Önümüzdeki dönemde hâlâ kendisini bekleyen uzun bir hukuki süreç var. “Şu an içimdeki duyguyu sorarsanız” diyor Taşdeler: “En büyük arzum, hedefim, hakkımdaki atılı suçtan kurtulup, Türk Silahlı Kuvvetleri’nden ihraç kararının geri alındığını görmek, üzerime atılı bu suçtan pirüpak olarak çıkmak, hayatıma öyle devam etmek. Başka bir şekilde olabilmesi mümkün değil zaten.”

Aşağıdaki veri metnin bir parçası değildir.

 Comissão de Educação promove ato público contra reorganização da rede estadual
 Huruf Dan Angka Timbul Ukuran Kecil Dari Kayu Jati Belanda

Yarın 15 Temmuz 2016 darbe girişiminin beşinci yıldönümü. Bu vesileyle FETÖ’nün darbe girişimini bir kez daha kınarken, geçen süreç içinde yaşanan mağduriyetleri de hatırlamak 15 Temmuz’a adil bir bakışın gereğidir. Taşdeler, darbe davalarında muhtelif rütbelerde bu tür mağduriyetleri yaşayan çok sayıda askerden yalnızca biridir.